Every now and then I hear something and it just makes me stop and think.
A few months ago I heard this priest talking about the divorce rate and a wedding tradition in a small town in Croatia. Seems that in the small town of Kerzegovina (population 13,000) the divorce rate is very low (some claim there has never been a divorce). I haven’t checked the stats on this so I can’t confirm nor deny the accuracy of this claim.
Supposing this fact is true, one wonders what’s going on in this town. How have they kept divorce from infiltrating their community and destroying the hearts and hopes of men, women and children? There are some who believe the marriage covenant in this community is strengthened by a perspective on marriage expressed in a unique wedding tradition commonly practiced in this Catholic community.
In the small town of Herzegovina, when a Catholic couple is married, they are told:
You have found your cross. It is a cross to be loved, to be carried, a cross not to be thrown away, but to be cherished.

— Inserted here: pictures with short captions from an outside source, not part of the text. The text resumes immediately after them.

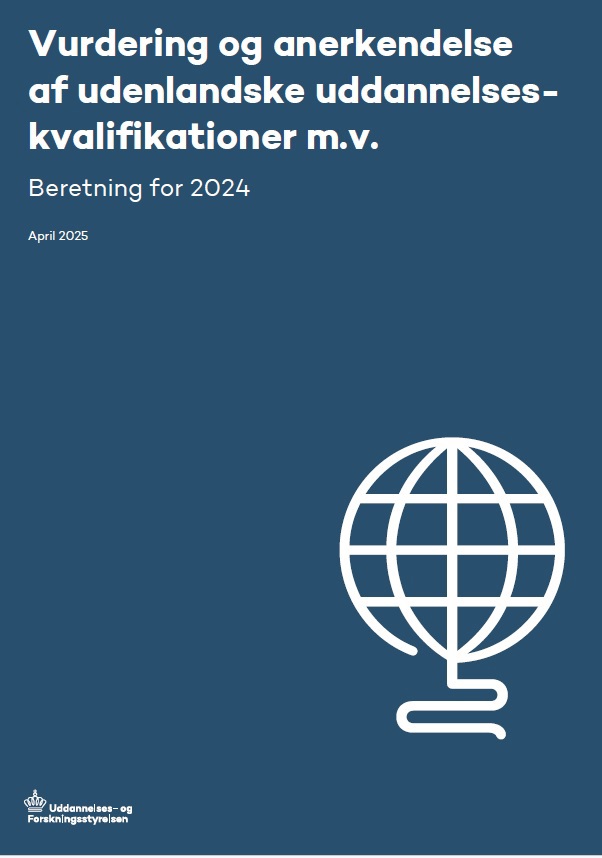 Beretning 2024 forside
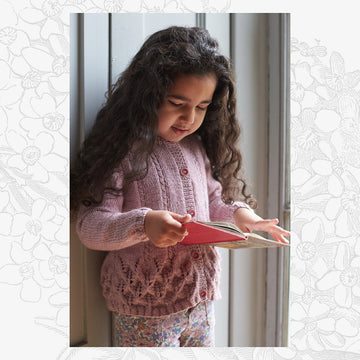 Willow & Lark Martha Cardigan Knitting Pattern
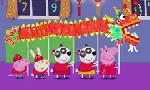 Revoir Peppa pig du 17 F�vrier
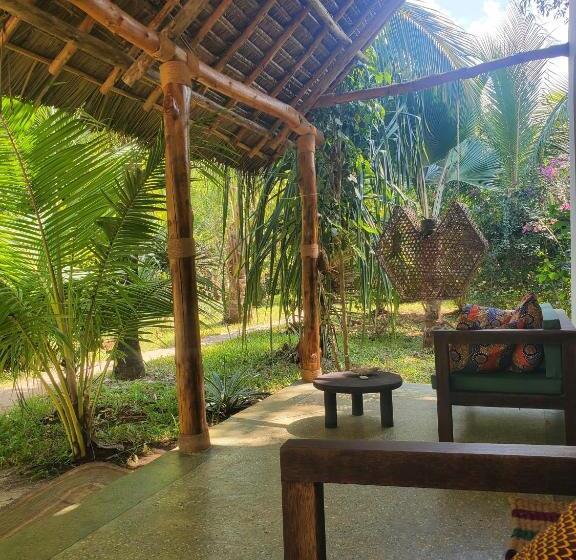 ホテル Promised Land Lodge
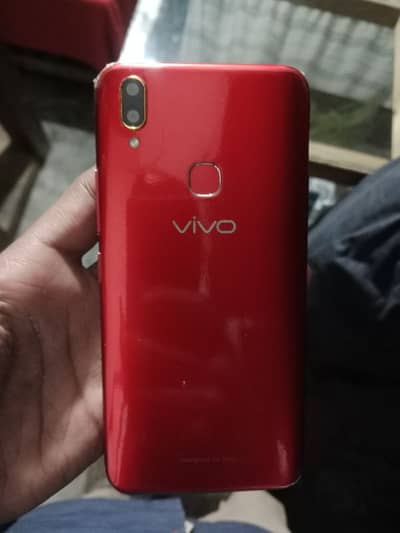 vivo y85 for sale 4GB 64GB with complete box (0328+6498423)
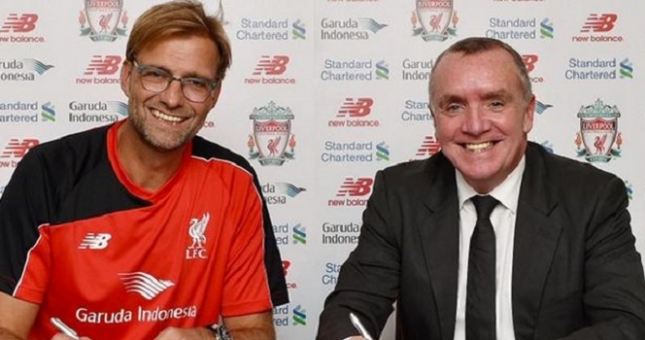 Chuyển nhượng 9/10: Klopp nhận lương kỉ lục tại Liverpool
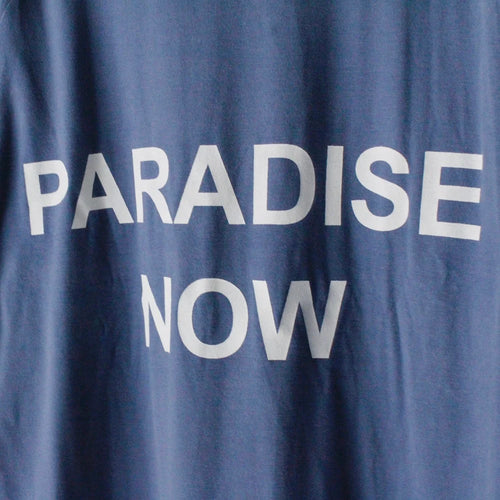 Honu Mockneck L/S(PARADISE NOW) Blue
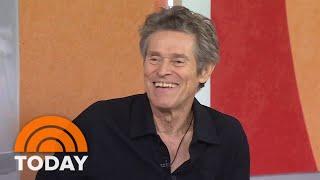 Willem Dafoe on ‘Kinds of Kindness,' loving to work, alpaca farm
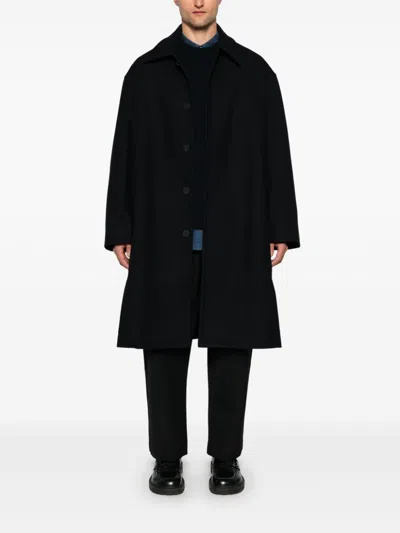 STUDIO NICHOLSON COVER COAT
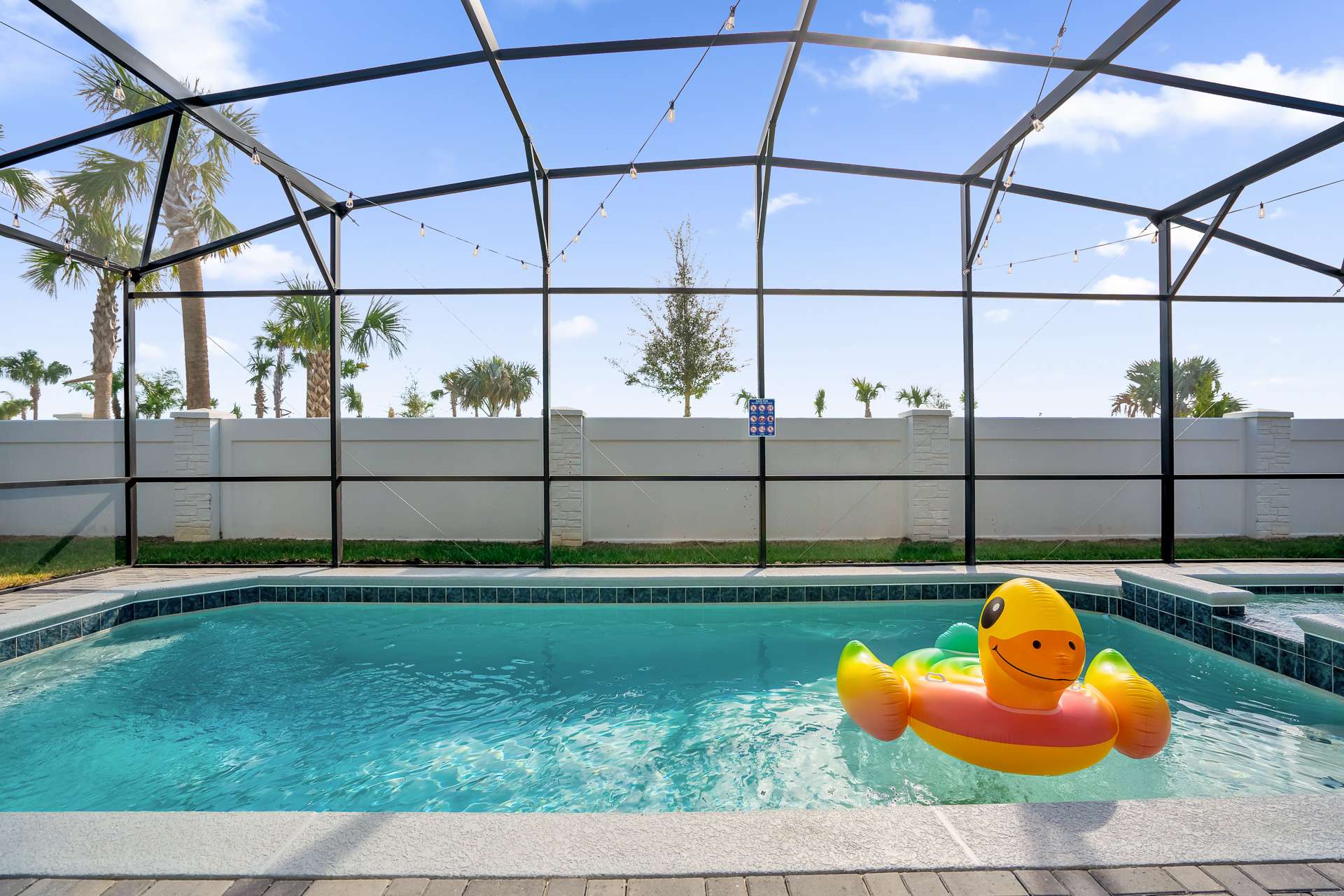 Private Swimming Pool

In Herzegovina, the cross represents the greatest love. During the marriage ceremony, the bride and groom place their hands together on a crucifix. Then they kiss, not each other, but the cross. The crucifix they kiss at their wedding then becomes a focal point of their home. It’s a reminder that if one should abandon the other, they cannot do so without abandoning Jesus Crucified.
Ok, I have to admit, it’s not all that “romantic.” But then anyone who has been married for a while knows that contrary to our cultural traditions and stereotypes, marriage isn’t only about the romance and “feel good” stuff. No, marriage is about so much more.
So, this tradition made me think. Instead of allowing the world to teach our children that marriage is about finding someone who makes you happy, who “completes you,” and who adores you, what if we teach them that the primary purpose in marriage (like any vocation in life) is loving and serving God by loving and serving those around you (in this case, your family). What if we focused on marriage as a means of becoming more like Jesus and committing to helping your spouse to love Jesus and others too instead of seeing it as a means of “self-fulfillment.
Instead of thinking of marriage as a “right” (i.e. my right to be happy and to not be alone, my right to fulfill my physical and emotional desires, my right to have children, my right to be loved), what if more people saw marriage as a true covenant; a covenant in which one surrenders their “rights” just like Jesus did when he came to fulfill the Father’s covenant with us. A covenant fulfilled when Jesus came to carry the cross for us.
Again, I know this is not so “romantic” in the traditional sense of the word. But then given the statistics of marriage and divorce among Christians perhaps it’s time to redefine “true romance.” Maybe the self-serving romantic fairy tale of marriage we’ve been handed by our culture is another one of the enemy’s lies we’ve believed.
What if the real image of marriage we should hold onto is that of each spouse carrying a cross for the love of their life, like Jesus did for us?
Hmmmm….I can’t help but wonder if our brothers and sisters over there in Herzegovina might not be onto something.
*Note: A few disclaimers and qualifiers…
- Marriage, divorce and re-marriage are touchy subjects. Please don’t read into this any judgmental overtones. These are the musings of an a “idealist” who often has high expectations of herself and the world around her; one of my strengths and my weaknesses. That being said, this post is not a diatribe against those who find themself divorced. It’s really about the hope of what Christian marriages can become.
- I should also make the disclaimer that in no way am I suggesting that all of marriage is about “carrying a cross” and there is no place for “romance,” emotional and physical fulfillment, joy and contentment. I’m just suggesting the pendulum has swung too far in the direction of “self-love” in marriage instead of an other-centered, self-giving love that Jesus calls us to show one another.